The cross-sectional microstructure of the MnTe device after the RESET operation (i.-e., low- to high-resistance state) was observed using FE-TEM (HF-2000EDX; Hitachi) at an accelerating voltage of 200 kV. To obtain atomic images, we used HR-TEM equipped with an ADF-STEM detector (ARM200F; JEOL). IFFT images were obtained using a Gatan DigitalMicrograph®. TEM samples were thinned using ion milling (PIPS; Gatan) or FIB (JIB-4600F; JEOL). To observe the active region in the MnTe device, the as-fabricated MnTe device was annealed at 500 °C for 10 min, followed by cooling to RT to obtain an α-phase at a low-resistance state with a large grain size (~250 nm); it was then reset by applying 2.9 V for 50 ns before the preparation of the TEM sample. By enlarging the grain size of the α-matrix when annealing at 500 °C, we could observe the boundary between the α-matrix and the active region within the grain. During the RESET operation, the MnTe device switched from low (5.6 × 103 Ω) to high (1.4 × 105 Ω) resistance. STEM energy-dispersive X-ray spectrometry confirmed that there was no interface diffusion between the MnTe and W layers after annealing at 500 °C for 10 min.

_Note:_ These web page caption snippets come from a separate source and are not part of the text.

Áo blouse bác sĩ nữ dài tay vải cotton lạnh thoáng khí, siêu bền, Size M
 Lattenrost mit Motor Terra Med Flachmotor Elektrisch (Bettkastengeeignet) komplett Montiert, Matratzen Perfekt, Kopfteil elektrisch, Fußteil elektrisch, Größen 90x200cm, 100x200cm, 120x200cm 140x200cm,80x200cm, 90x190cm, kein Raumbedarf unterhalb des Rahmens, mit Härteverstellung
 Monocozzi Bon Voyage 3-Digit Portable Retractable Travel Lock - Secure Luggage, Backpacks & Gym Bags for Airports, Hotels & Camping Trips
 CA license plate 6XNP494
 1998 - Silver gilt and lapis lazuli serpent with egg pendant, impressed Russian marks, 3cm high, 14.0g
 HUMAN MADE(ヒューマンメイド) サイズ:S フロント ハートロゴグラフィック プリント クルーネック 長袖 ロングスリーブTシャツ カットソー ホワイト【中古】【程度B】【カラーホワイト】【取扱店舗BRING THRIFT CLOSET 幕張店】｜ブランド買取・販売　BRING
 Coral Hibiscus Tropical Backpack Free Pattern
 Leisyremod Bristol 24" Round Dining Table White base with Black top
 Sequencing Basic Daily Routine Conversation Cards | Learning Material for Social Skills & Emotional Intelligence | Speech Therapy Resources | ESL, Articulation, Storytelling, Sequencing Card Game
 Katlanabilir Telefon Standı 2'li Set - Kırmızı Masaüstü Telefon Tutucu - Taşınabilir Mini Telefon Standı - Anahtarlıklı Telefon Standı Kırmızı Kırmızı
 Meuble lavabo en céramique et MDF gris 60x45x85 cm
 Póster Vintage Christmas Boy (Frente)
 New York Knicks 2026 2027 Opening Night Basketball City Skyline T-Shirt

To understand the failure mechanism of the MnTe device, we observed its cross-sectional TEM microstructure, which broke down after SET–RESET operation. The TEM sample was thinned using the FIB technique.

Static laser testing

We investigated whether the thermal energy due to laser irradiation induced any polymorphic changes, by evaluating the reflectance variation using static laser testing. A pump pulse laser with a constant wavelength of 830 nm was used to provide the thermal energy for polymorphic change. The pulse width of the pump laser was fixed to 80 ns. In this test, the normalized reflectance V/V0 was evaluated, where V0 and V were the voltages detected by a photodiode before and after pump pulse laser irradiation and were proportional to the absolute reflectance. The wavelength of the probe laser was 830 nm.

The cross-sectional microstructure of the MnTe film after laser irradiation was observed using the HR-TEM technique. The MnTe film with an α-phase was irradiated with a pulse laser of 55 mW for 80 ns, causing a decrease in reflectance, and the TEM sample was thinned using the FIB technique.